Thursday, 4 August 2011

Incentives matter: blood file

In an article from VoxEU.org Joan Costa-i-Font, Mireia Jofre-Bonet and Steven Yen argue that paying some people to donate blood while others receive a cursory “thanks” has been shown to crowd out the altruistic donors. They write,
Individuals might undertake certain altruistic actions guided by an extrinsic motivation, including a “warm-glow” or moral satisfaction. Trying to answer the question of whether altruistic behaviour can be incentivised, in recent research (Costa-Font et al. 2011) we investigate whether different financial and non-financial incentives have the same effect on willingness to donate when other observed and unobserved factors are controlled for. In particular, we investigate whether crowding-out takes place with all kinds of rewards, or specifically with only monetary rewards. We answer this question by exploiting a large data set representative of 15 European countries containing information on whether or not an individual has been a donor in the past and her preferences towards monetary and non-monetary compensation for blood donation. This information allows estimation of two recursive equation systems and exploration of the relationship of preferences over different types of rewards and the probability of being a donor.

Importantly, we find that a monetary reward reduced the probability of donation consistent with the crowding out hypothesis, whilst a non-monetary reward consistently with a normal supply curve suggests a positive and significant effect on the donation probability.

These results are robust to different specifications and indicate that crowding out is a phenomenon linked to the introduction of a market-based rationale for non-market decisions, and that socially motivated individuals remain willing to donate when non-monetary rewards are offered.
and
Non-monetary rewards could potentially be used to incentivise blood donation as this kind of rewards seem not to remove, in the terminology of Andreoni et al. (2008), the warm-glow associated to blood giving.
So incentives matter, but the form the incentive takes may also matter.

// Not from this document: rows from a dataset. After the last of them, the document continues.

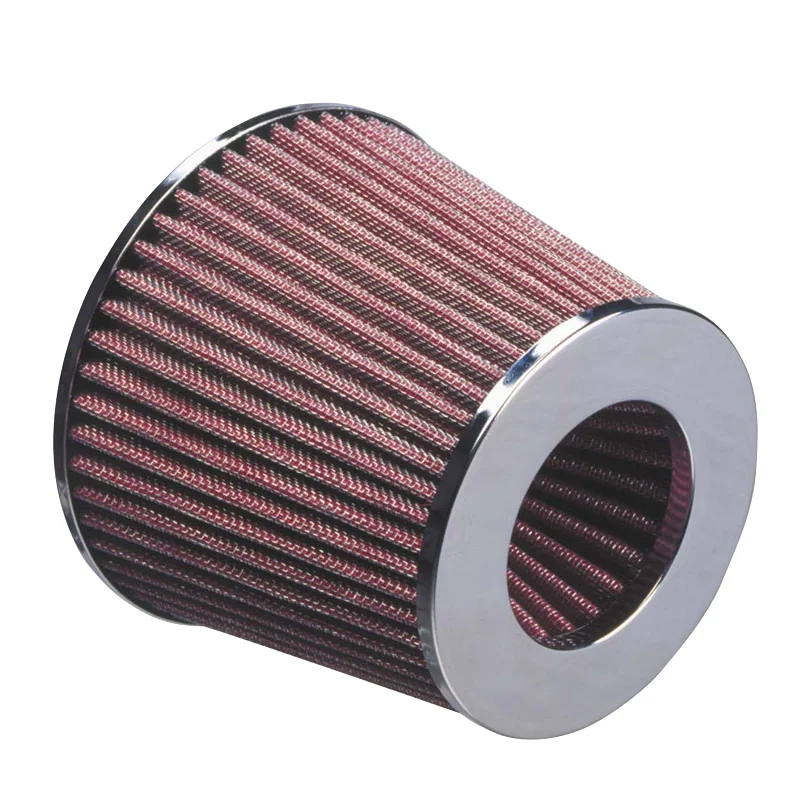AutoStyle Universeel Luchtfilter conisch – 76mm aansluiting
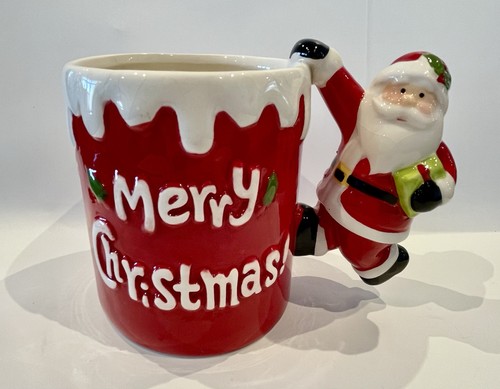 Father christmas mug large - mug,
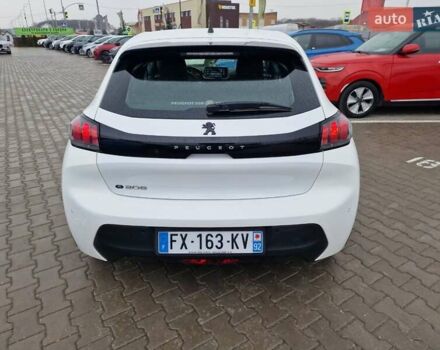 Белый Пежо e-208, объемом двигателя 0 л и пробегом 59 тыс. км за 13900 $, фото 12 на Automoto.ua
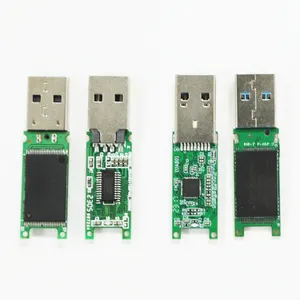 厂家批发2gb 4gb 8gb 16gb 32gb 64gb 128gb USB 2.0 3.0 UDP PCBA手腕芯片用于USB闪存驱动器芯片无外壳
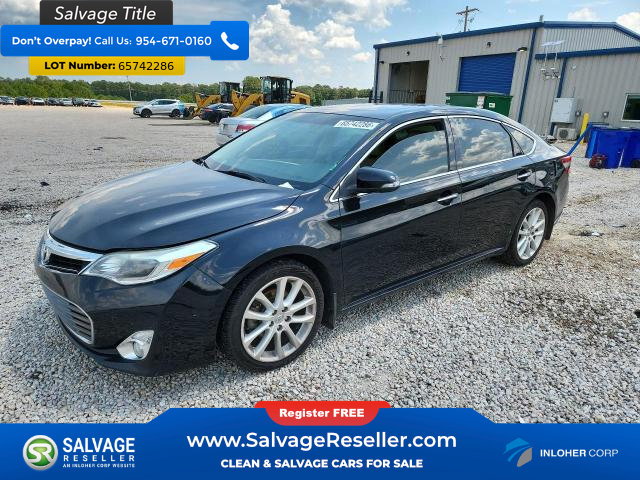 Used 2013 Toyota Avalon Limited FWD image 1
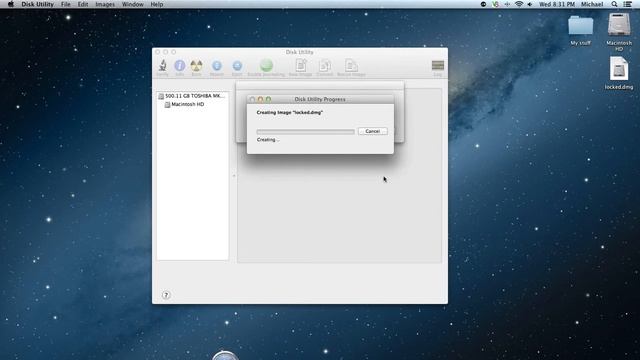 How to Make a Password Protected Folder - Mac смотреть онлайн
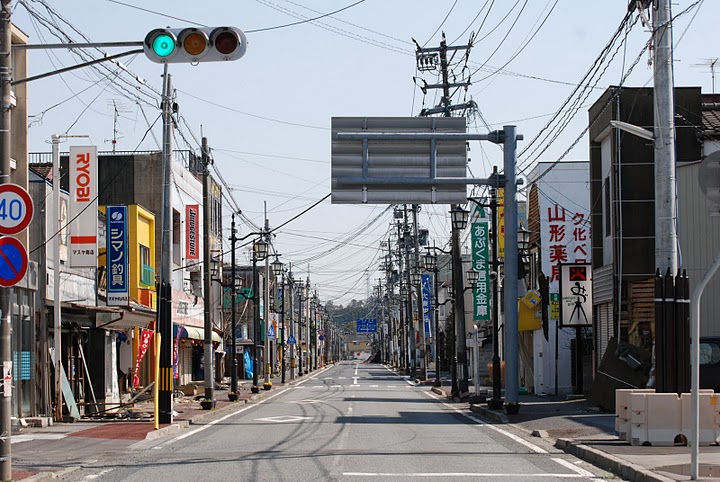 Street View : Google fait visiter une ville sinistrée suite à Fukushima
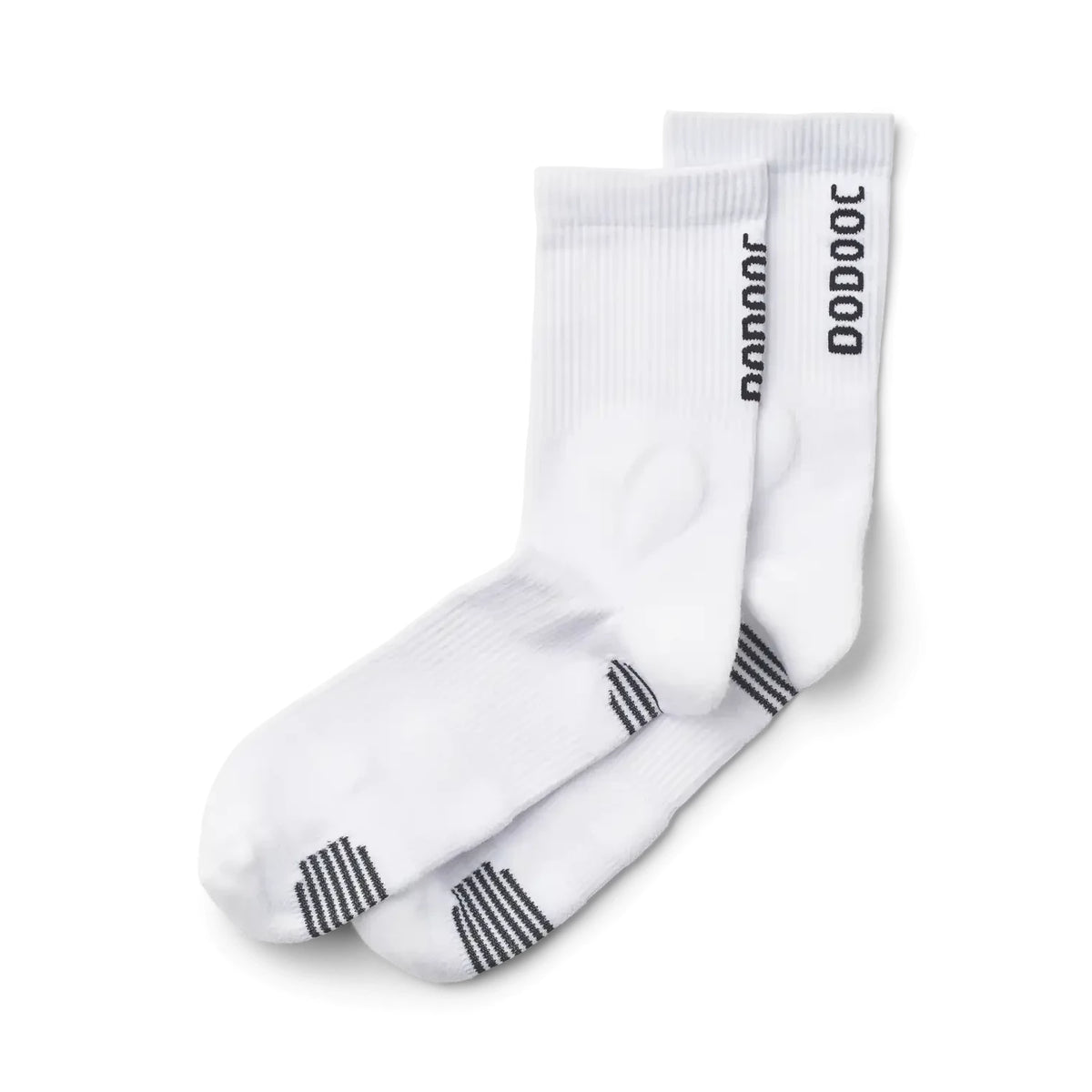 Padelsokker med knitgrip teknologi - White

But on blood donations and incentives compare the above with this study: Will There Be Blood? Incentives and Substitution Effects in Pro-social Behavior by Nicola Lacetera, Mario Macis and Robert Slonim, Discussion Paper No. 4567, November 2009, Institute for the Study of Labor. The abstract of the paper reads:
We examine how economic incentives affect pro-social behavior through the analysis of a unique dataset with information on more than 14,000 American Red Cross blood drives. Our findings are consistent with blood donors responding to incentives in a “standard” way; offering donors economic incentives significantly increases turnout and blood units collected, and more so the greater the incentive’s monetary value. In addition, there is no disproportionate increase in donors who come to a drive but are ineligible to donate when incentives are offered. Further evidence from a small-scale field experiment corroborates these findings and confirms that donors are motivated by the economic value of the items offered. We also find that a substantial fraction of the increase in donations due to incentives may be explained by donors substituting away from neighboring drives toward drives where rewards are offered, and the likelihood of this substitution is higher the higher the monetary value of the incentive offered and if neighboring drives do not offer incentives. Thus, extrinsic incentives motivate pro-social behavior, but unless substitution effects are also considered, the effect of incentives may be overestimated.
  • Andreoni, J, WT Harbaugh, L Vesterlund (2008), “Altruism in experiments”, in SN Durlauf and LE Blume (eds.), The New Palgrave Dictionary of Economics, 2nd Edition, Palgrave Macmillan, 134-138.
  • Costa-Font, Joan, Mireia Jofre-Bonet, Steven T Yen (2011), “Not All Incentives Wash Out the Warm Glow: The Case of Blood Donation Revisited”, CESifo Working Paper No. 3527.